• **WHAT TO DO**
Return an exact copy of the lines from the one holding "HEHGVCF Set di" to the end of the data, including both the starting and final lines. Leave the pictures out.

Short text fragments from websites
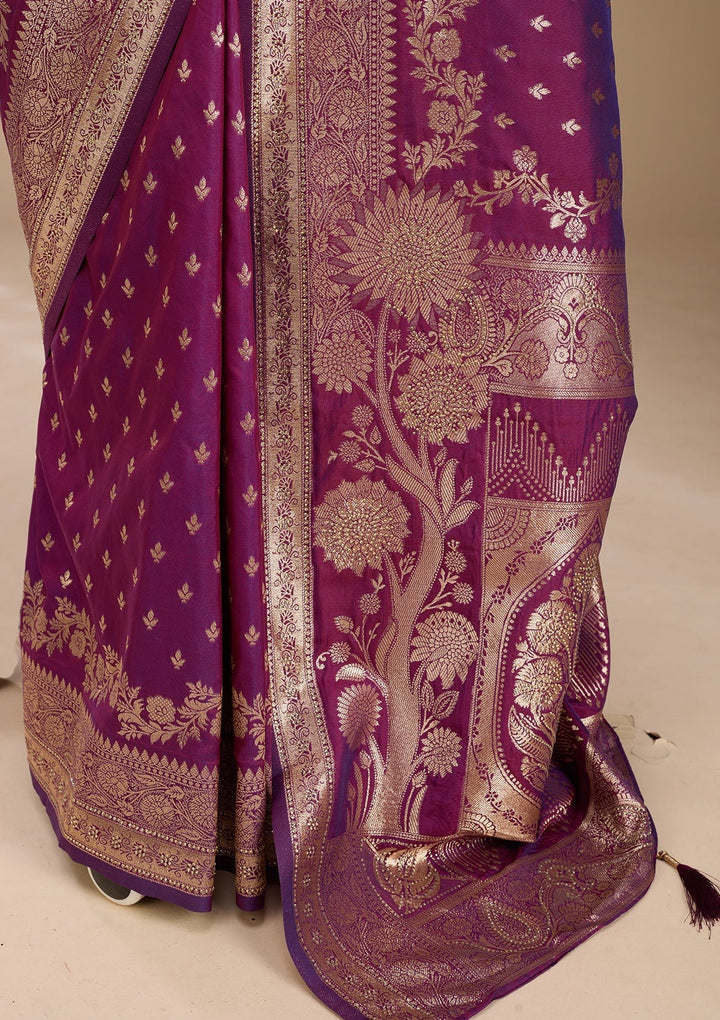 Purple Stonework (Gold) Art Silk Saree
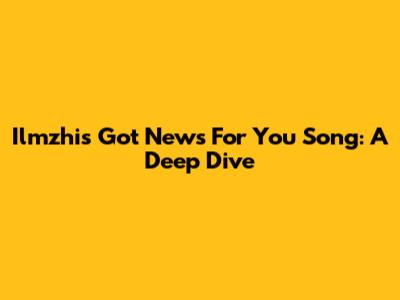 Ilmzhi's "Got News For You" Song: A Deep Dive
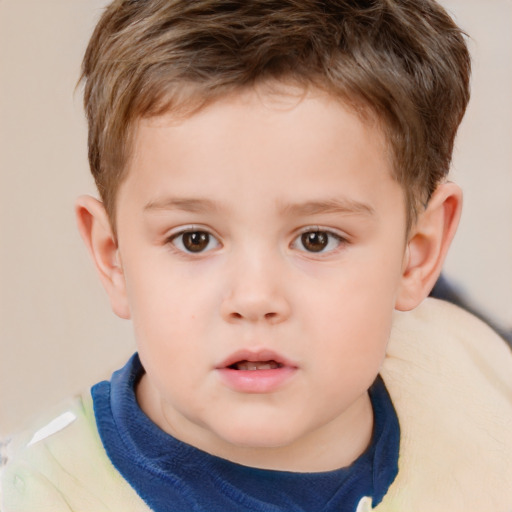 Neutral white child male with short  brown hair and brown eyes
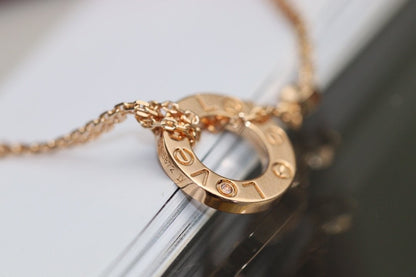 [GALE] Liebeskette, verstellbar, Roségold, 2 Diamanten 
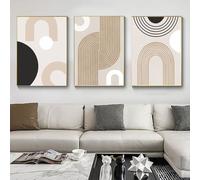 HEHGVCF Set di 3 poster, arte moderna astratta, semplicità, soggiorno, camera da letto, decorazione da parete, 50 x 70 cm, senza cornice (geometrica, 60 x 90 cm)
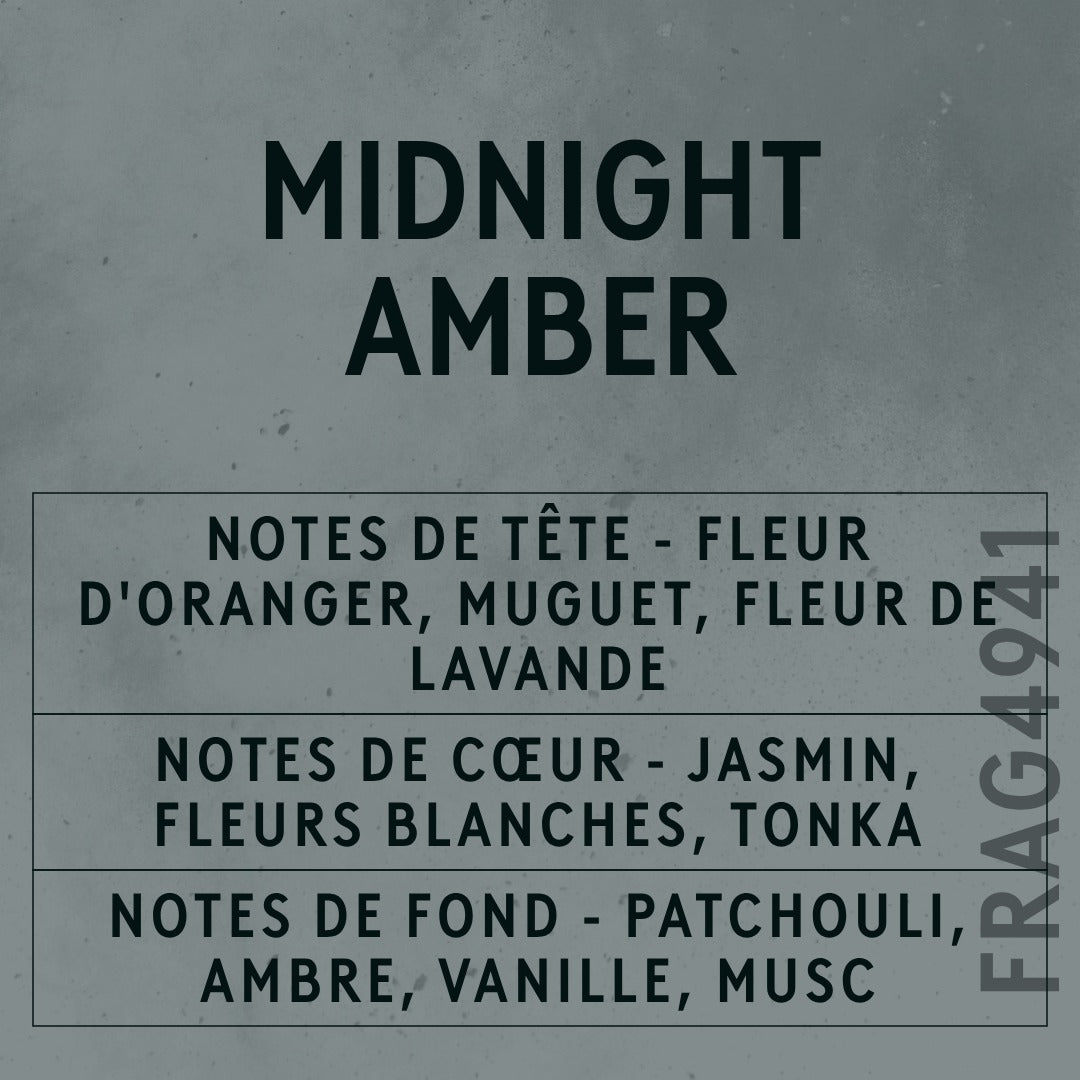 Midnight Amber Fragrance Oil scent card (French)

• **SOLUTION**
 HEHGVCF Set di 3 poster, arte moderna astratta, semplicità, soggiorno, camera da letto, decorazione da parete, 50 x 70 cm, senza cornice (geometrica, 60 x 90 cm)
 Midnight Amber Fragrance Oil scent card (French)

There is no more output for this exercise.